Your answer should be the line containing "Halloween-Emporium 30oz tumbler" and each line after it through the end of the data below, repeated exactly.
====== Provided data
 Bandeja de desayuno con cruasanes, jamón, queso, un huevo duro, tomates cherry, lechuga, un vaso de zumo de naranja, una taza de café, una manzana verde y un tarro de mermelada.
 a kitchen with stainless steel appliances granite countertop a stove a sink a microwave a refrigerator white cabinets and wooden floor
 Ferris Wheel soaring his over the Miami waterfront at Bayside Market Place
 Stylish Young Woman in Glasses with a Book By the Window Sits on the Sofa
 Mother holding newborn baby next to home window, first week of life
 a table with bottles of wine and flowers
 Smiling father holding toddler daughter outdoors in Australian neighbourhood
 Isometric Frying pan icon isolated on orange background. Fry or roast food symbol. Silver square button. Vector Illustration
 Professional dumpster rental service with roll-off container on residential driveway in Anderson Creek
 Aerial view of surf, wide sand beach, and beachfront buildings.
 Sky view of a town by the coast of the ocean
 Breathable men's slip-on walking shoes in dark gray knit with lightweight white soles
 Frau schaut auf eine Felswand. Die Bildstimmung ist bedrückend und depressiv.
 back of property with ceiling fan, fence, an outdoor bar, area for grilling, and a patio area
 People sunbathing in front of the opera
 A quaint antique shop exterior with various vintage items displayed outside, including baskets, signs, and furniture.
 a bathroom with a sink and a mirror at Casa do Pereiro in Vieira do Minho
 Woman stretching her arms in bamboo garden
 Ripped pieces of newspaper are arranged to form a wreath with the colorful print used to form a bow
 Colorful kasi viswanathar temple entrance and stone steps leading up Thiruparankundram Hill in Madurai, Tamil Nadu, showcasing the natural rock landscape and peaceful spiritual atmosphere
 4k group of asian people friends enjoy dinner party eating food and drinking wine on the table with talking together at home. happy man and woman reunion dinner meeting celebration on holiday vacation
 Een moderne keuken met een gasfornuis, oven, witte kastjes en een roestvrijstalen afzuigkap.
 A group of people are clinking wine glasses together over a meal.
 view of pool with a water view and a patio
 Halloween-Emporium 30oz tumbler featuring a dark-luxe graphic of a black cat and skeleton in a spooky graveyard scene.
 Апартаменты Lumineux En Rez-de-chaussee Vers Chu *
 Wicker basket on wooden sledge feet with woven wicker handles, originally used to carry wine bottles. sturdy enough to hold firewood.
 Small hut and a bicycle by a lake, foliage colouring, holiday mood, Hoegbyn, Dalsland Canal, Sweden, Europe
============
**Task result:**
 Halloween-Emporium 30oz tumbler featuring a dark-luxe graphic of a black cat and skeleton in a spooky graveyard scene.
 Апартаменты Lumineux En Rez-de-chaussee Vers Chu *
 Wicker basket on wooden sledge feet with woven wicker handles, originally used to carry wine bottles. sturdy enough to hold firewood.
 Small hut and a bicycle by a lake, foliage colouring, holiday mood, Hoegbyn, Dalsland Canal, Sweden, Europe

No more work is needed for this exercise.